/o2r-shipper

Export research compendia to repositories and archives

Primary LanguagePythonApache License 2.0Apache-2.0

o2r-shipper

This is a micro service for the transmission of ERCs to external repositories.

For its role within o2r, please see o2r-architecture.

License

o2r-shipper is licensed under Apache License, Version 2.0, see file LICENSE. Copyright (C) 2016, 2017 - o2r project.

Installation

pip install -r requirements.txt

or use the Dockerfile.


1. Options for the shipper service

shipper.py is using external API calls to manage file depositions to repositories while contributing shipment api routes for the o2r web api.

Usage:

python shipper.py -t {ACCESS_TOKENS}
  • use -t to specify API access_tokens (e.g. Zenodo API key). The received argument must be a valid JSON, e.g. {\"my_repo\": \"my_key\"}. This argument will be preferred, even if there are tokens available through configuration (s. below).

  • optionally use -d to enable debug mode and increase verbosity upon error.

  • use docker build command with this repository as the context to build the Docker image.

Example:

docker build . -t o2r-shipper
docker run --rm -v $(pwd)/o2r-shipper -t {ACCESS_TOKENS}

2. Endpoint at o2r API

Please refer to the documentation available at:

3. Configuration

Configuration is based on environment variables as shown in the table below. The defaults are entries in the config.json file, which must be in the same directory as shipper.py, and can also be changed in that file.

ENV VAR config file description
SHIPPER_MONGODB mongodb_host MongoDB connection string, including protocol, host and port, default is mongodb://localhost:27017/ (note the trailing slash)
SHIPPER_MONGO_NAME mongodb_db name of the MongoDB, default is muncher
SHIPPER_BOTTLE_HOST bottle_host host for bottle, the WSGI micro web-framework used with shipper; default is localhost, to allows access from other local services running in containers, set this to 0.0.0.0
SHIPPER_BOTTLE_PORT bottle_port port for bottle, defaults to 8087
SHIPPER_REPO_TOKENS repository_tokens IDs and API tokens for the repositories
SHIPPER_BASE_PATH base_path base path of target compendium
SHIPPER_MAX_DIR_SIZE max_size_mb dir size limit for transmission
SHIPPER_SECRET session_secret session secret used by the o2r microservices
SHIPPER_USERLEVEL_MIN userlevel_min user level needed to do shipments

Bagit Validity

At shipping, the shipper attempts to validate the target files as valid bagit bags, using the LoC bagit.py module. If no bagit bag is found, it is created. An invalid or bag will be updated. The shipper is designed to transport only valid bags to its recipients.

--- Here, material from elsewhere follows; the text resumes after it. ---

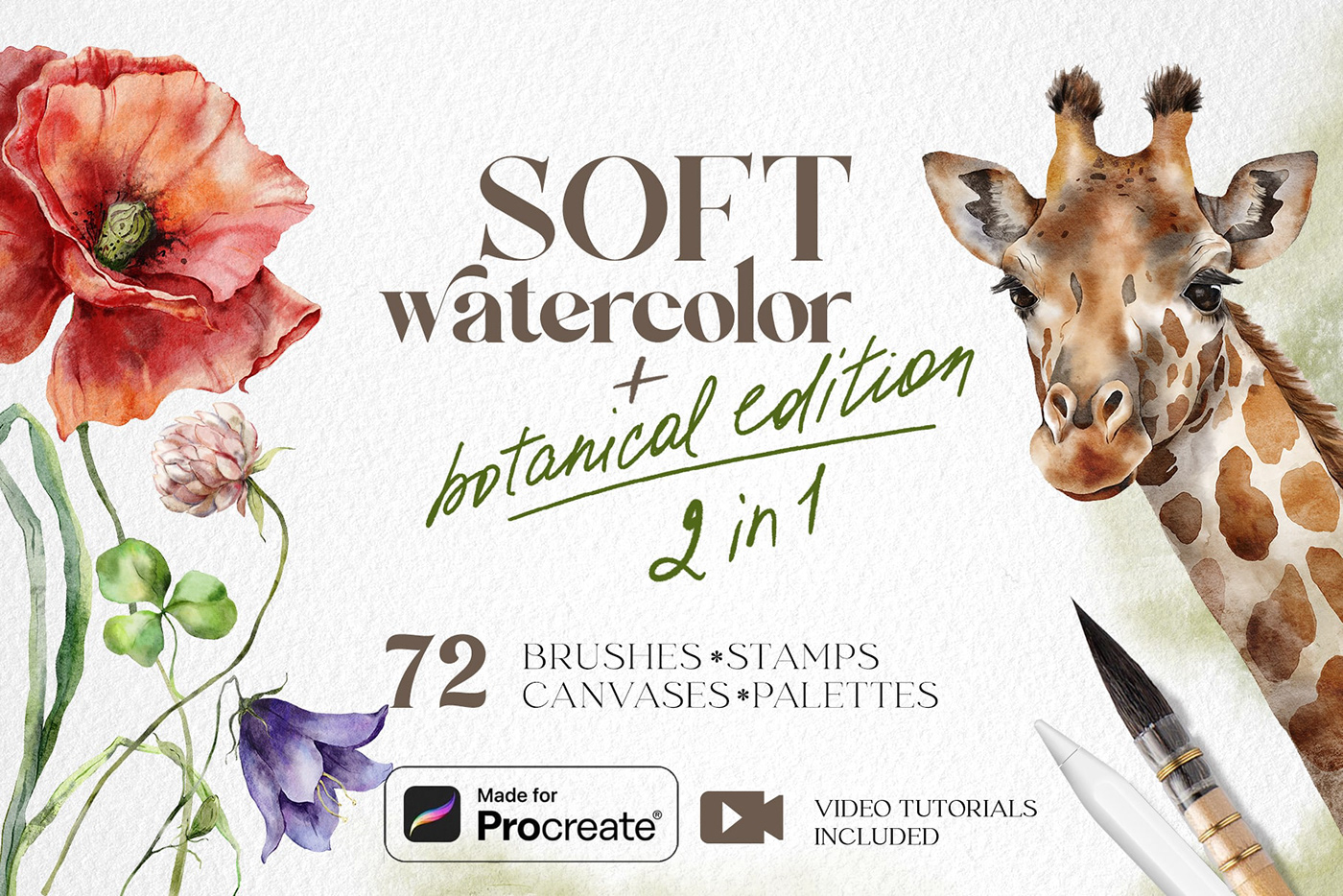 It’s realistic Procreate brushes — create amazing watercolor artwork without water, paper & brushes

Shipment recipients ("Repos")

New repositories that serve as shipping destinations can be added to the /repo folder of the shipper. They wrap the API of the target repository. Their filename must start with repo and their class name must start with RepoClass in order to be recognized. Moreover each repo provides an ID, a LABEL and a HOST in its configuration as well as functions to return these values. They inherit necessary imports from the master repoclass module found in the same folder. The repo classes currently available in that directory can serve as extensive examples.

Supported 3rd party repositories

Download as repository surrogate

ID download

In order to "ship to your own storage", there is a download repoclass available, that unlike the remote repositories creates a download link for streaming the targeted compendium.

Eudat b2share (sandbox) repository

IDs b2share_sandbox, b2share

To ship ERC to Eudat b2share (or the Eudat b2share Sandbox), you must create an account and log in. Then go to your account and get the personal access token.

Zenodo (sandbox) repository

IDs zenodo_sandbox, zenodo

To ship ERC to Zenodo (or the Zenodo Sandbox), you must create an account and log in. Then go to your account Settings, open the Applications settings and add a new Personal access token including the scopes deposit:write and deposit:actions.

Testing

Tests are implemented using pytest following its conventions for test discovery. Configuration file is pytest.ini.

Manual testing

The tests require a running shipper service including the required database. The shipper may run in a container. The following example configures only the download repository.

pip install -U pytest requests json

# start shipper in container and database:
docker build -t shipper .
docker run --name testdb -d -p 27017:27017 mongo:3.4
docker run --name testshipper -t -d -p 8087:8087 --link testdb:testdb -e SHIPPER_MONGODB=mongodb://testdb:27017 -e SHIPPER_BOTTLE_HOST=0.0.0.0 -e SHIPPER_REPO_TOKENS='{"download": ""}' shipper
sleep 5

# run the tests:
pytest

# see the container logs, then remove the containers
docker logs testshipper
docker rm -f testdb testshipper

Online integration tests

The steps of the manual tests also provide the structure for automated tests, see .github/workflows/test.yml.